November 3, 2015
One Percentage Point Sales Tax Increase Unreasonable Given Alternatives
In a report released today, the Civic Federation announced it could not support Cook County’s proposed FY2016 budget of $4.5 billion because it is based on a one percentage point increase in the County’s sales tax that will make the City of Chicago an outlier compared to other major urban centers with a composite rate of 10.25%. Most of the sales tax revenue collected in FY2016 will be dedicated to an increased contribution to the County’s underfunded pension plan. While the Federation supports the County’s efforts to increase pension funding, the magnitude of the sales tax increase is not reasonable given the other available revenue and expenditure reduction options. The full 98-page report is available here.

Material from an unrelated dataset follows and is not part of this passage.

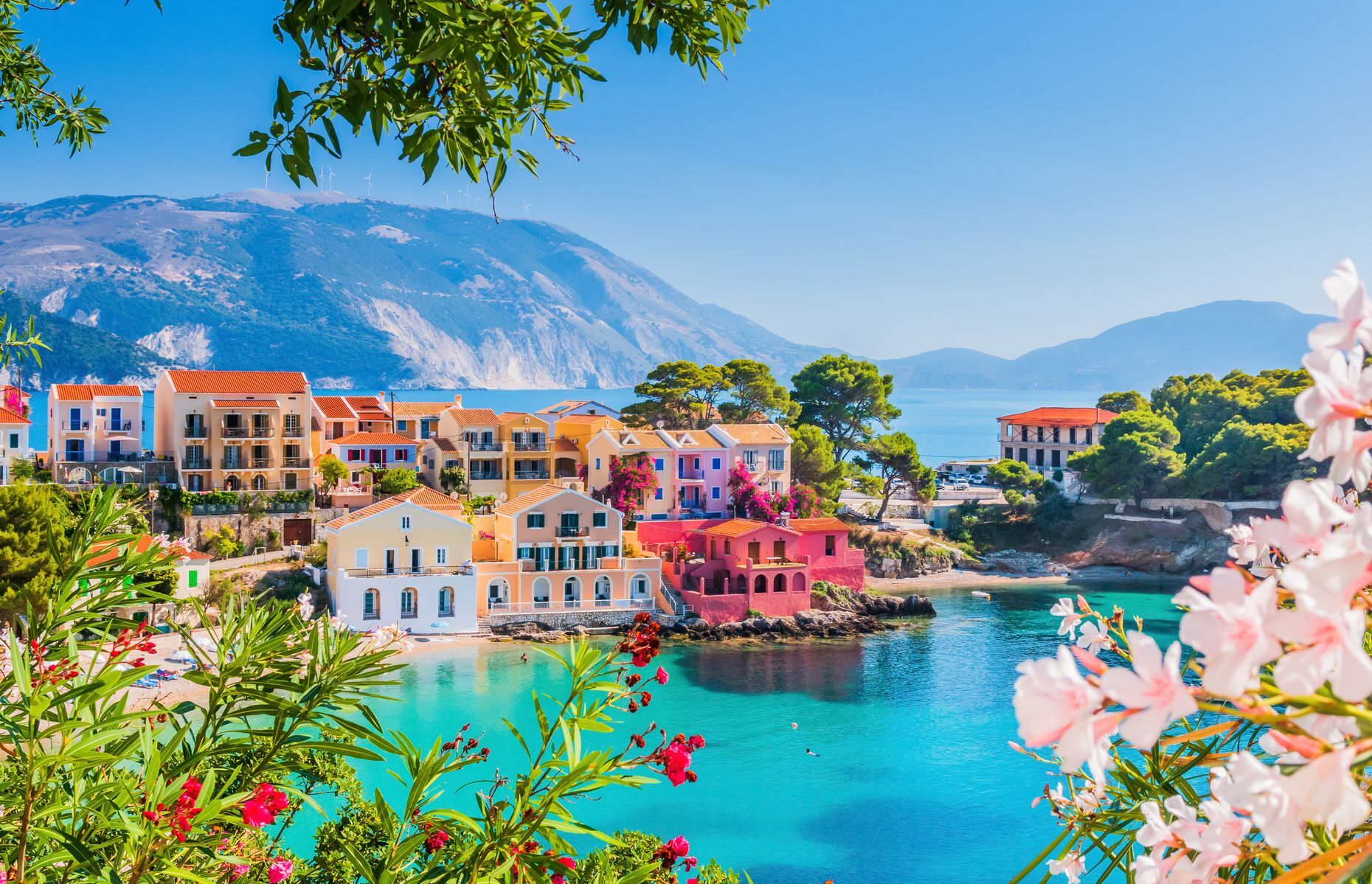 Pearl of the Ionian Islands, <a href="https://www.discovergreece.com/ionian-islands/kefalonia" rel="noreferrer noopener">Kefalonia</a> absolutely deserves a spot on your Greek itinerary. Visit <a href="https://www.discovergreece.com/experiences/wild-beauty-kefalonias-myrtos-beach" rel="noreferrer noopener">Myrtos Beach</a> to enjoy turquoise waters and imposing cliffs, then explore the <a href="https://www.discovergreece.com/experiences/boating-kefalonias-melissani-cave" rel="noreferrer noopener">Melissani</a> and <a href="https://www.greeka.com/ionian/kefalonia/sightseeing/kefalonia-drogarati-cave/" rel="noreferrer noopener">Drogarati</a> caves for fascinating adventures underground. Located off the country’s west coast, Kefalonia is home to many other treasures as well. Tour the villages of <a href="https://www.greeka.com/ionian/kefalonia/villages/assos/" rel="noreferrer noopener">Assos</a> and <a href="https://www.greeka.com/ionian/kefalonia/villages/fiscardo/" rel="noreferrer noopener">Fiskardo</a>, admire Mount <a href="https://www.discovergreece.com/experiences/hiking-in-kefalonia" rel="noreferrer noopener">Ainos</a>, and have a blast on numerous attractive <a href="https://www.thethinkingtraveller.com/greece/kefalonia/beaches" rel="noreferrer noopener">beaches</a>.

“The Civic Federation is disappointed not to be able to support this budget, which includes many praiseworthy initiatives and is not balanced through gimmicks,” said Laurence Msall, President of the Civic Federation. “We additionally support the County’s efforts to address its pension liability in the absence of action from Springfield. While past leaders have ignored the pension problem, President Preckwinkle deserves much credit for stepping up and deciding that underfunding ends during her administration.” Where the Federation takes issue with President Preckwinkle’s plan is with the revenue source and the process the County chose to implement the plan. “The Civic Federation calls on the County to roll back the proposed sales tax rate and instead implement a mix of additional cuts and increased revenues to fund its proposed pension payment.”
The FY2016 budget includes a number of initiatives to close a preliminary deficit of $198.8 million, including a reduction to the tax allocation to the Health System, expenditure reductions such as changes to employee health benefits and some layoffs, as well as some targeted revenue enhancements. Only a very small part of the sales tax increase approved in July 2015 will be used to reduce the preliminary deficit. Instead, most of the projected $308.0 million in sales tax revenue to be collected in FY2016 will be dedicated to an additional pension payment of $270.5 million above the statutory level set out in state law.
While the financial condition of the County’s pension fund is not as dire as the City of Chicago’s funds, every year that goes by without a solution makes the pension problem more expensive and difficult to resolve. However, relying on an ill-advised one percentage point sales tax increase to cover a much-needed increase to pension payments is less than ideal. The County had other options and it would have been preferable if the increased contributions to the County’s pensions had been funded by a mix of revenue sources and cuts. Additionally, the introduction and approval of the sales tax increase outside of the budget process meant that Commissioners and the public lost an opportunity to engage in a thorough public discussion of options and alternatives.
The full report also discusses concerns the Civic Federation has with projected future budget deficits despite the sales tax increase. The Federation is also concerned that the County could face litigation over its increased pension contribution, since state law specifies that pension contributions must come from property tax revenues and caps contributions at a multiple of employee contributions made two years prior.